To avoid aliasing, we first apply a low-pass filter to remove high-frequency components:

\[I_{\text{smooth}} = I * G\]

where * denotes convolution and G is a Gaussian kernel:

\[G(x, y) = \frac{1}{2\pi\sigma^2} e^{-\frac{x^2 + y^2}{2\sigma^2}}\]

The standard deviation σ is typically chosen based on the downsampling factor:

\[\sigma = \frac{n}{2\sqrt{2\ln(2)}}\]

Building on our understanding of downsampling, let’s explore how to blend two images, $I_1$ and $I_2$, using Laplacian pyramids.

First, we create a Gaussian pyramid for each image:

\[G_i^{(k)} = \text{downsample}(G_{i-1}^{(k)} * G)\]

where $k \in {1,2}$ denotes the image, $i$ is the pyramid level, and $G$ is the Gaussian kernel.

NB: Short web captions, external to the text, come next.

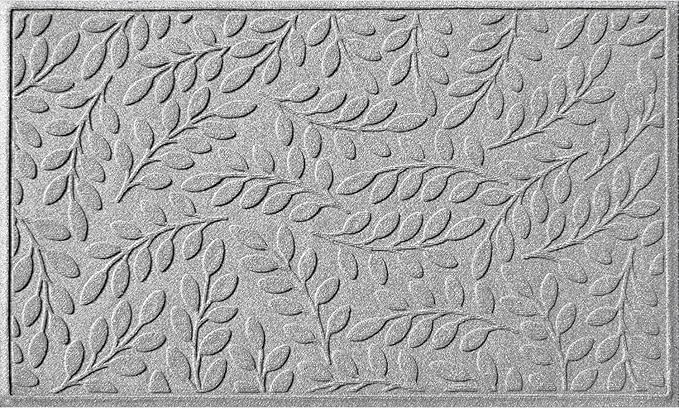 Bungalow Flooring WaterHog Door Mat, 3' x 5' Made in USA, Durable and Decorative Floor Covering, Skid Resistant, Indoor/Outdoor, Water-Trapping, Brittney Leaf Design, Medium Grey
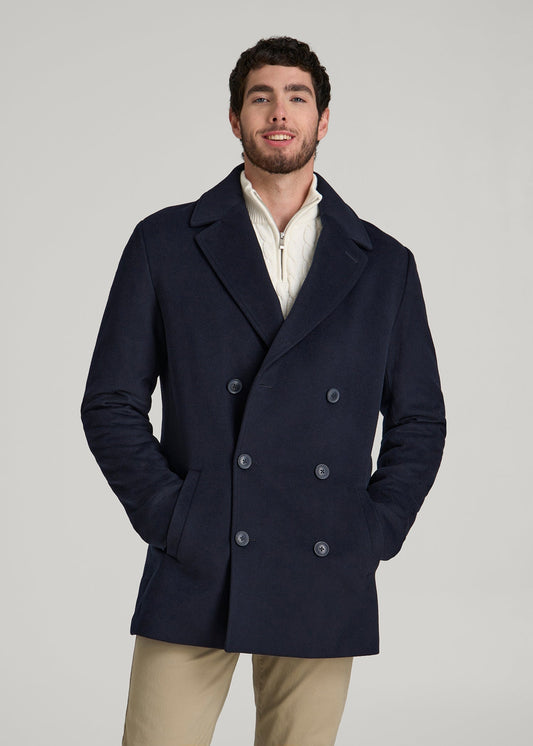 American Tall Men Double-Breasted Wool Peacoat for Tall Men in Deep Navy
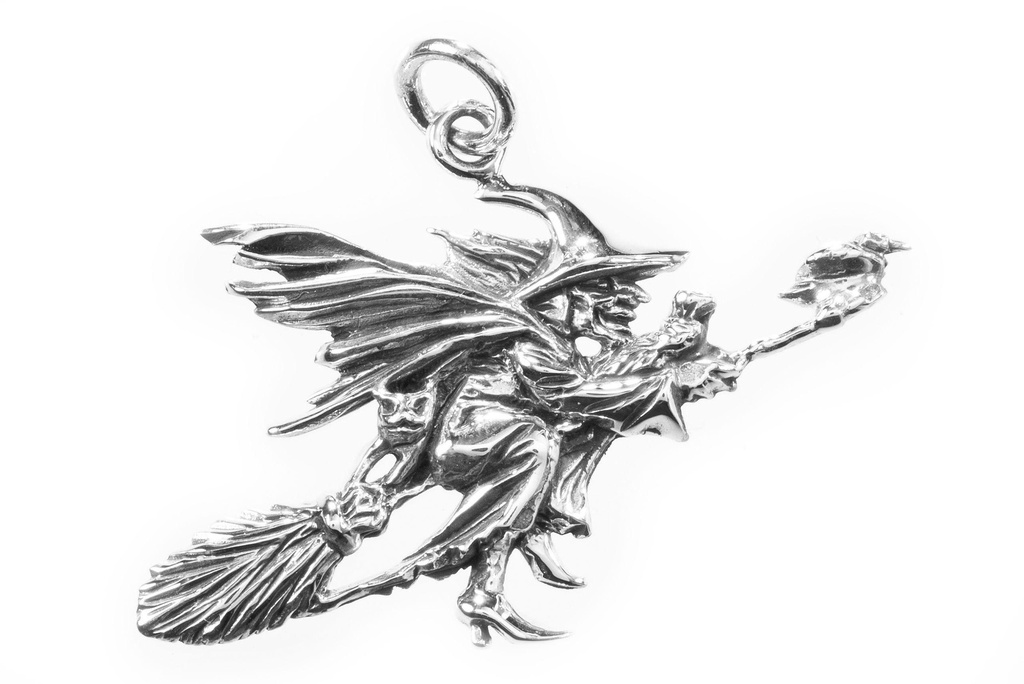 [am81] Schmuckstück  Schmuck Anhänger MADAME MIM 4.2 cm Rabe und Hexenbesen Silber 4.5 cm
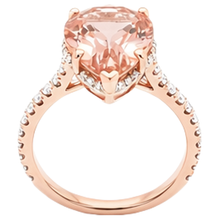 Afbeelding in Gallery-weergave laden, Peer geslepen Morganite en Natuurlijke echte diamanten ( niet in een laboratorium gekweekt ) 9,25 ct trouwring rosé goud 14K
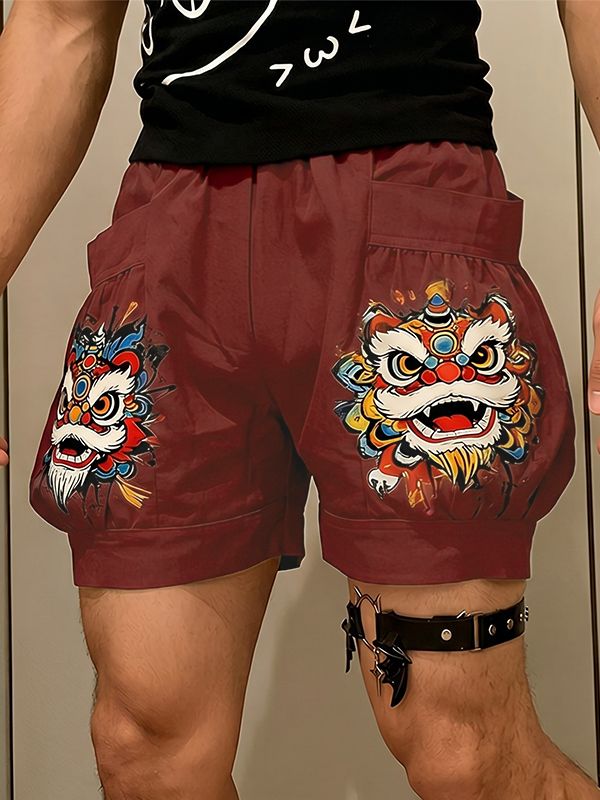 Men's Vintage Modern Chinese Lion Dance Graphic 3D Pocket Loose Cargo Short SKUL63709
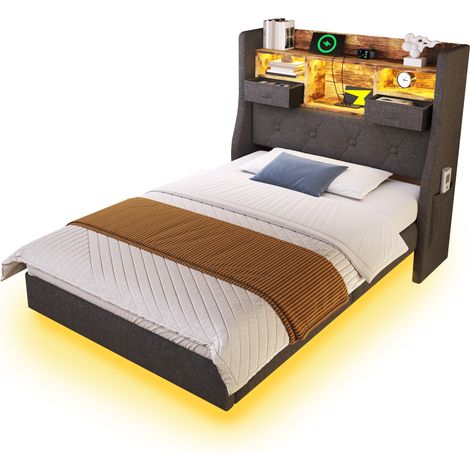 Lit capitonné 90x200 flottant avec LED, tête et station charge 1 Type-C 3 USB, lit simple tête coffre et sommier, lin, gris, matelas non inclus, gain de place (1/5)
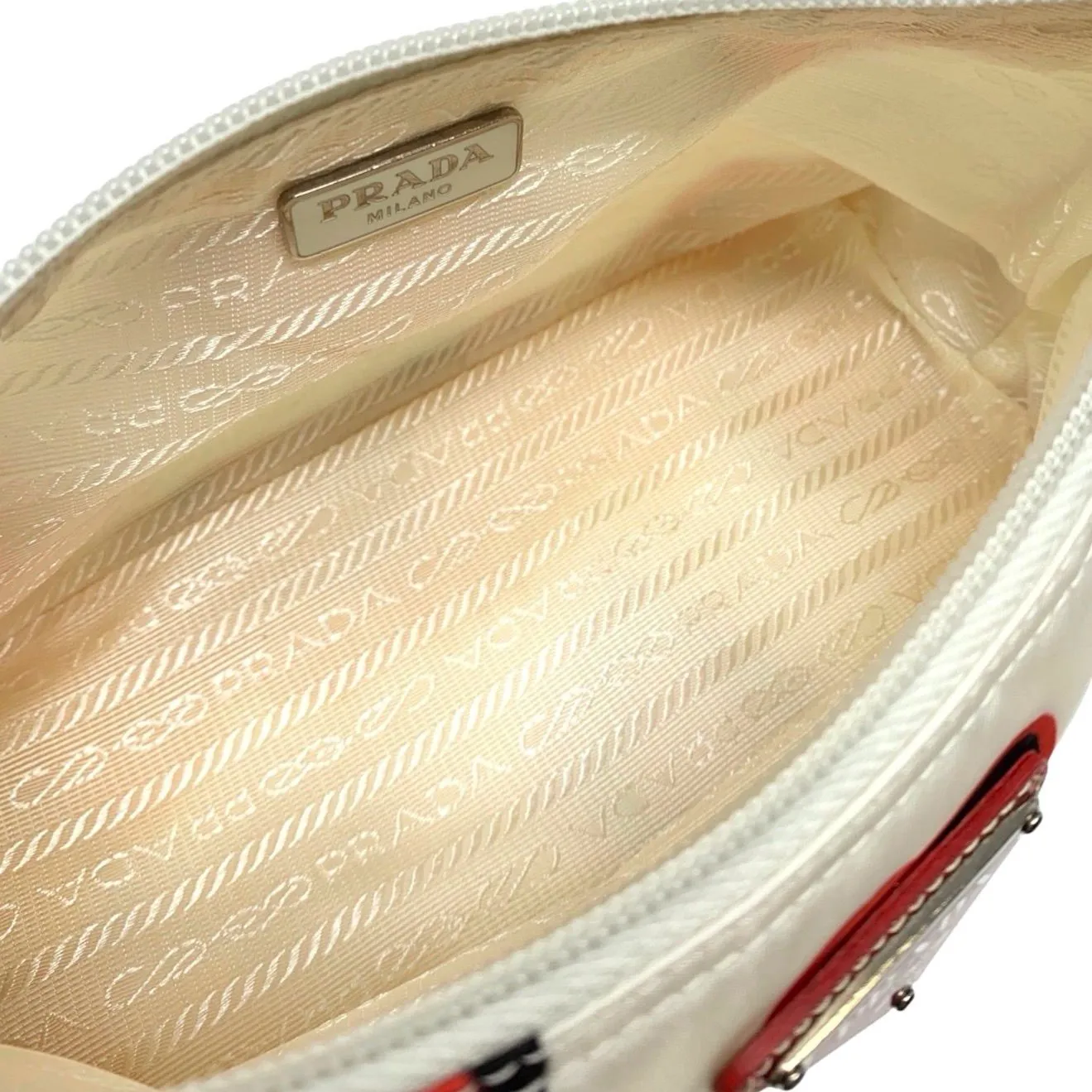 Prada White Nylon Heart Shoulder Bag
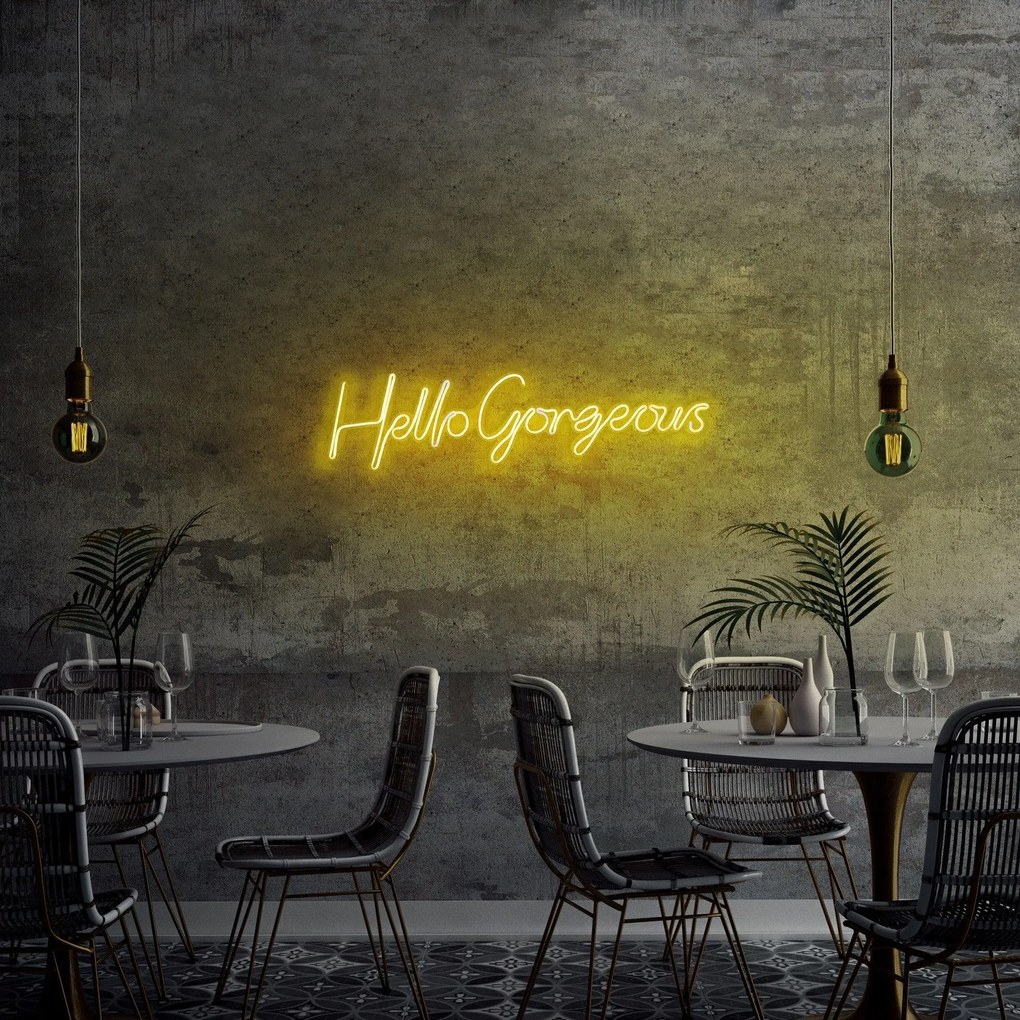 Aplica de Perete Neon Hello Gorgeous, 75 x 18 cm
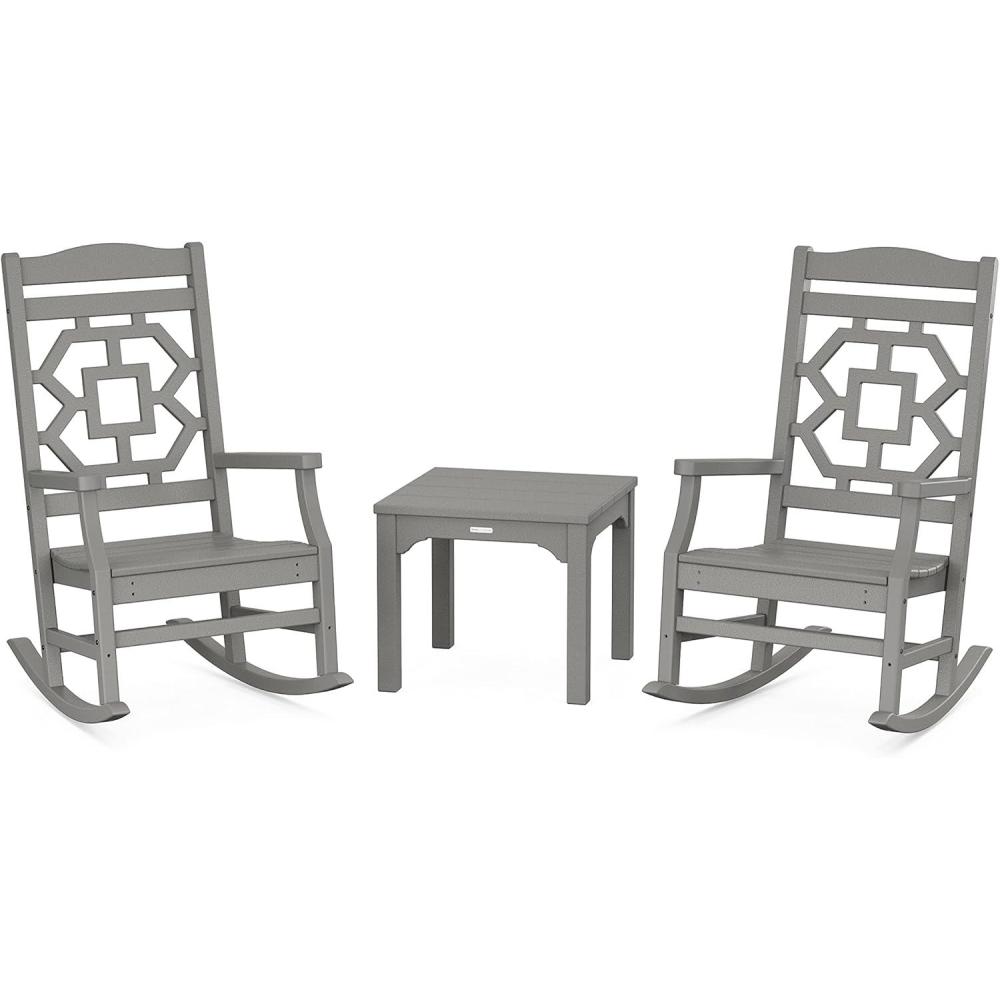 imageMartha Stewart by POLYWOOD Chinoiserie 3Piece Rocking Chair Set in GreenSlate Grey
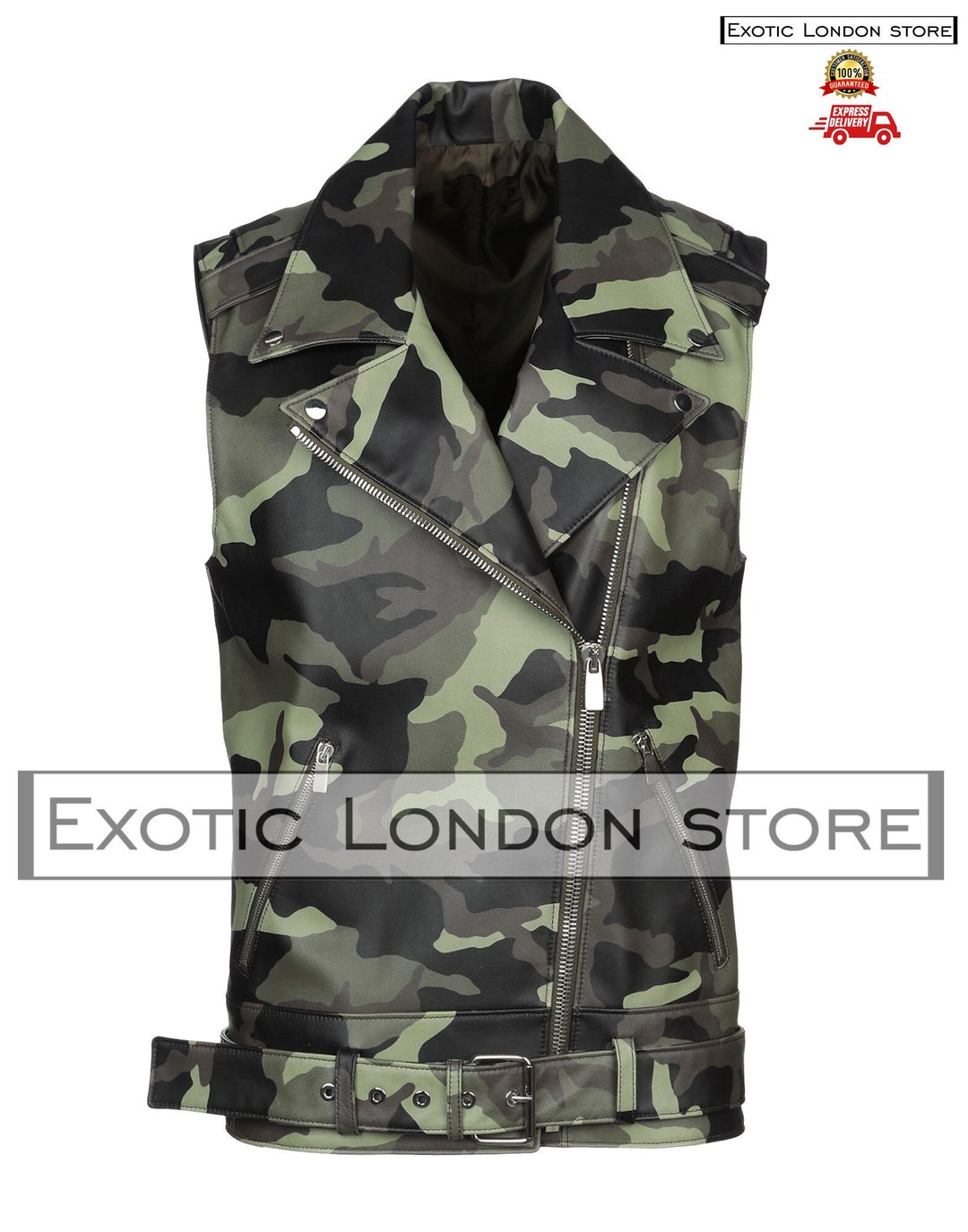Women Genuine Cowhide Camouflage Biker Vest Womens Camo Etsy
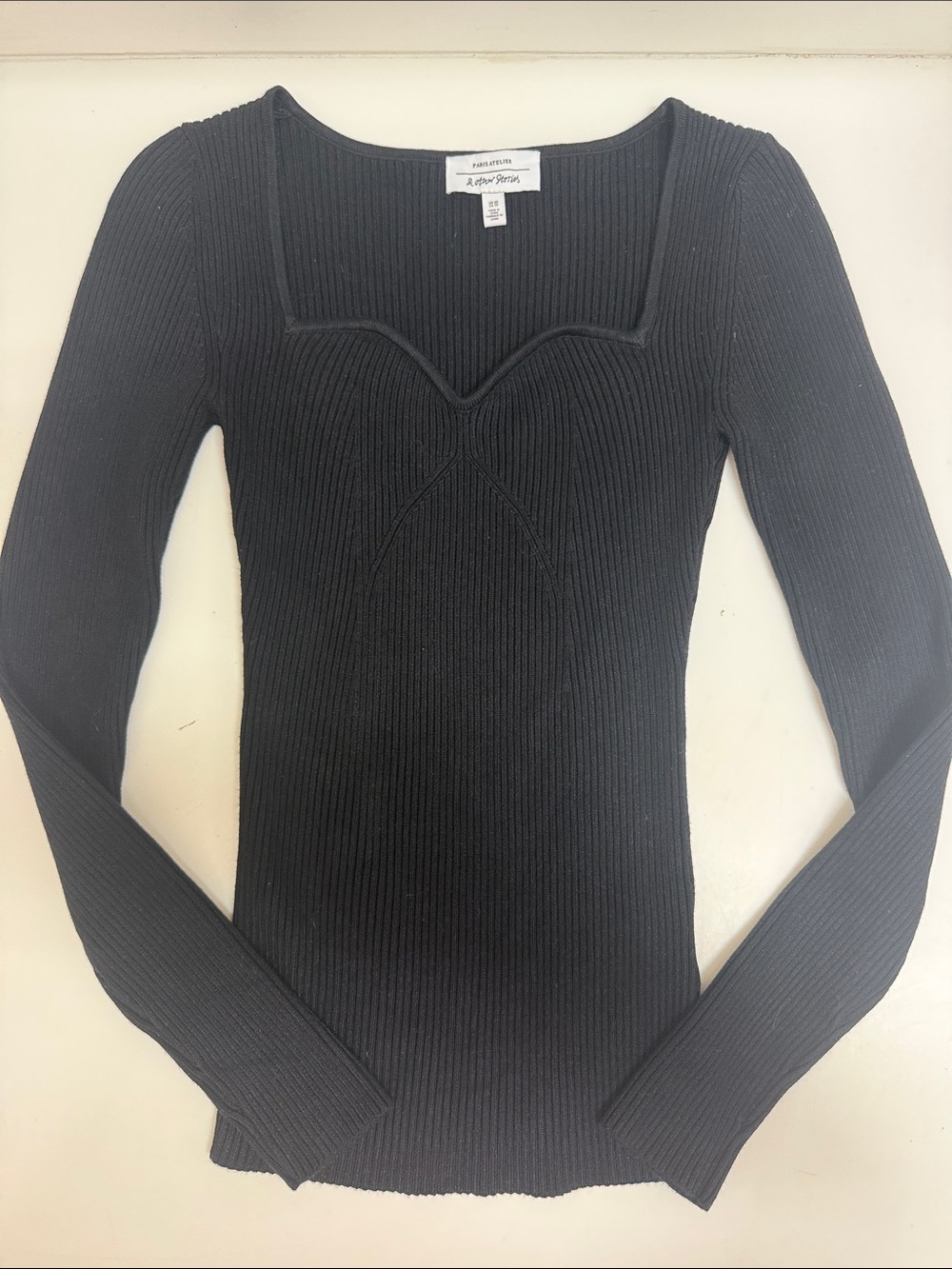 & Other Stories Black Ribbed Long-Sleeve Sweetheart Neck Top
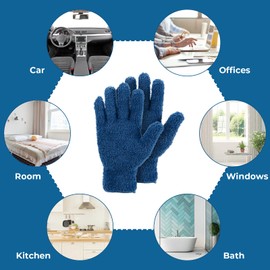 2 Pairs Car Microfibre Dust Gloves Washable Dusting Cleaning Glove Coral Fleece Gloves for Kitchen House Blinds Lamps Furniture and Hard to Access Corner Gaps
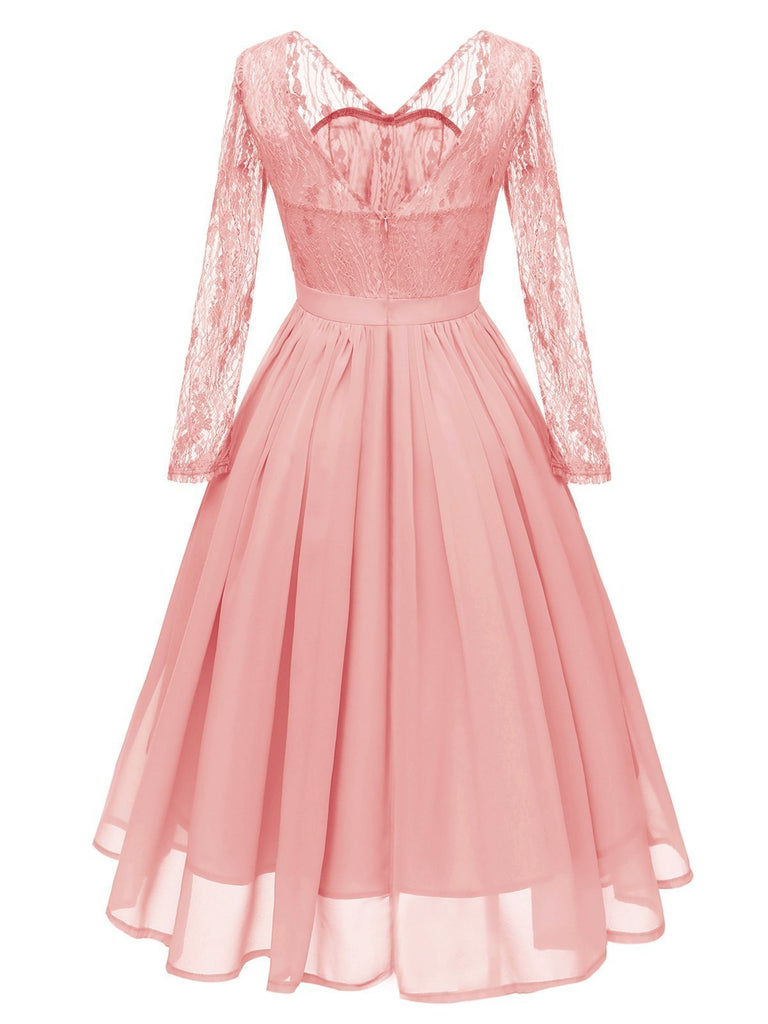 1950s Long Sleeve Chiffon Lace Dress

The Laplacian pyramid captures the details lost in each downsampling step:

\[L_i^{(k)} = G_i^{(k)} - \text{upsample}(G_{i+1}^{(k)})\]

The upsampling operation involves increasing image size and smoothing:

\[\text{upsample}(I) = (I_{\text{enlarged}} * G) * 4\]

where $I_{\text{enlarged}}$ is $I$ with zeros inserted between each pixel.

Create a mask $M$ (same size as the images) to guide the blending. Values should be in [0, 1], where 0 means use $I_1$ and 1 means use $I_2$. Build a Gaussian pyramid for $M$:

\[M_i = \text{downsample}(M_{i-1} * G)\]

Blend the Laplacian pyramids using the mask:

\[L_i^{(\text{blend})} = L_i^{(1)} \cdot (1 - M_i) + L_i^{(2)} \cdot M_i\]

Reconstruct the blended image by summing the Laplacian pyramid levels:

\[I_{\text{blend}} = L_N^{(\text{blend})} + \sum_{i=0}^{N-1} \text{upsample}(L_{i+1}^{(\text{blend})})\]

where $N$ is the number of pyramid levels.